The waste disposal agency collects waste from the school as agreed upon and the amount secured in return for the waste flows back into the system and is in turn utilised to reward the students. The waste is then recycled. The institutions which secure highest reward points are provided due recognition.

The journey so far

Gopakumar, a postgraduate from Bangalore University, first came up with this idea. He is the founder of Doer’s Club, an education startup. Fresh out of college, he worked briefly for an edtech startup.

“The startup environment taught me the essential elements of building a company, making strategies, effective execution, and dealing with financial models. I constantly engaged with students as part of my job and saw a huge gap between education and employability. Our classroom learning should inculcate skills for the future. This is the idea around which the Doers' Club was started in June 2016, with the aim of teaching life skills and aiming for all round development.”

During one of his visits home, the callous waste management practices followed in homes and cities affected him. On one hand, there was a severe lack of education and willingness to segregate waste at source. On the other hand, there was a lack of a sustainable waste collection and recycling system for plastic waste (62 million tonnes of plastic waste is generated in Indian cities, only 11.9 million tons of which is recycled and the rest is either litter or finds its way to landfills. Ideally, 98 percent of this solid waste is recyclable). Backed by his entrepreneurial instincts, he built a model for a ‘Recycle Bank for Plastics’, which involved working with schoolchildren to help plastic waste find its way to recycling.

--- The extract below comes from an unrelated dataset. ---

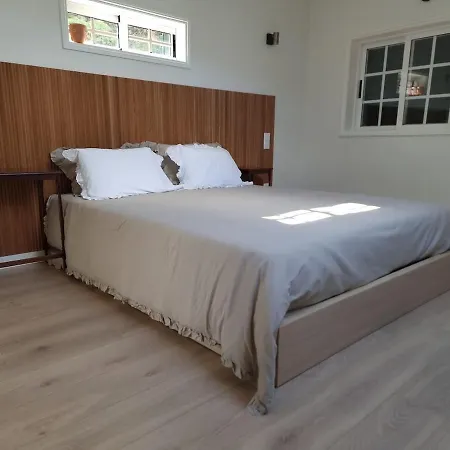 Casa Branca Douroriver Meijoadas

At the same time District Collector, Mir Mohammed Ali IAS (Kannur), was running an initiative called Collectors @ School, which worked with schools and the city municipality to collect plastic waste. Mir has been credited with the project ‘Plastic free Kannur’, through which he launched a focused campaign to phase out plastic carry-bags and disposables and ordered stern action against establishments using plastic carry bags, disposable plates and cups. The two put their heads together and on November 1, 2017, Collectors @ School Phase 2 was born with eight schools and two waste recycling plants.

Current operations and future plans

The project was kick-started with minimum investment and broke even in the very first month of operation. It is now in the early stages of earning a profit. Within the first four months Collectors @ School Phase 2 has achieved impressive milestones. It has onboarded 150 schools and works directly with more than 38,000 school students. They have collected and recycled 3.15 tonnes of plastic waste.

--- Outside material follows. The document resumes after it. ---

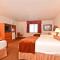 Best Western Bidarka Inn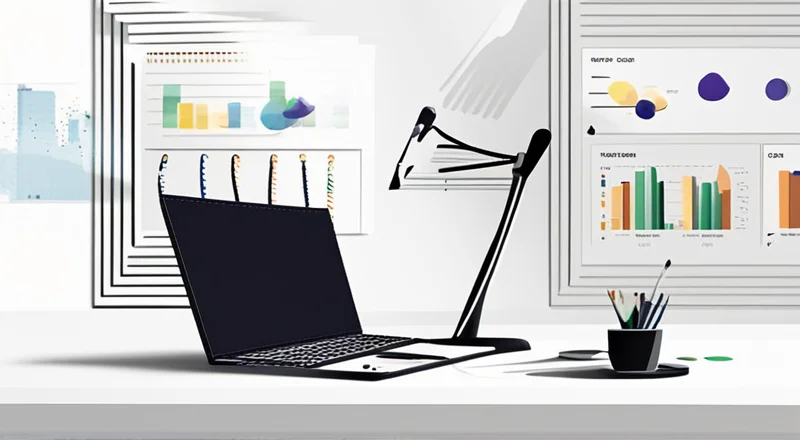 办公桌用软件怎么画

Gopakumar discusses their profit- making revenue models with gusto and confidence. They have two main streams of revenue. The first is the margin on the sale of recyclable plastic.

“Every category of plastics we collect has a retail and a wholesale price. We collect plastic at a retail price and sell at the wholesale price to recycling companies. This is a huge margin.”

The second is the margin on products, that is offered to schools and students in return for their waste collection and segregation efforts.

“Since we are giving value based points to each school, it can convert these points by purchasing goods from the online cart inbuilt with our online application, W-MIS. We keep a margin on the products on the cart.”

As the initiative is driven and powered by a technological platform, the founders believe that their project is built to scale effortlessly.

“We are currently working on the online application to make it more robust and to be able to handle more students and schools. We also plan to diversify the online cart. We are also working to make operations automated so that this model can be implemented in any state across India.”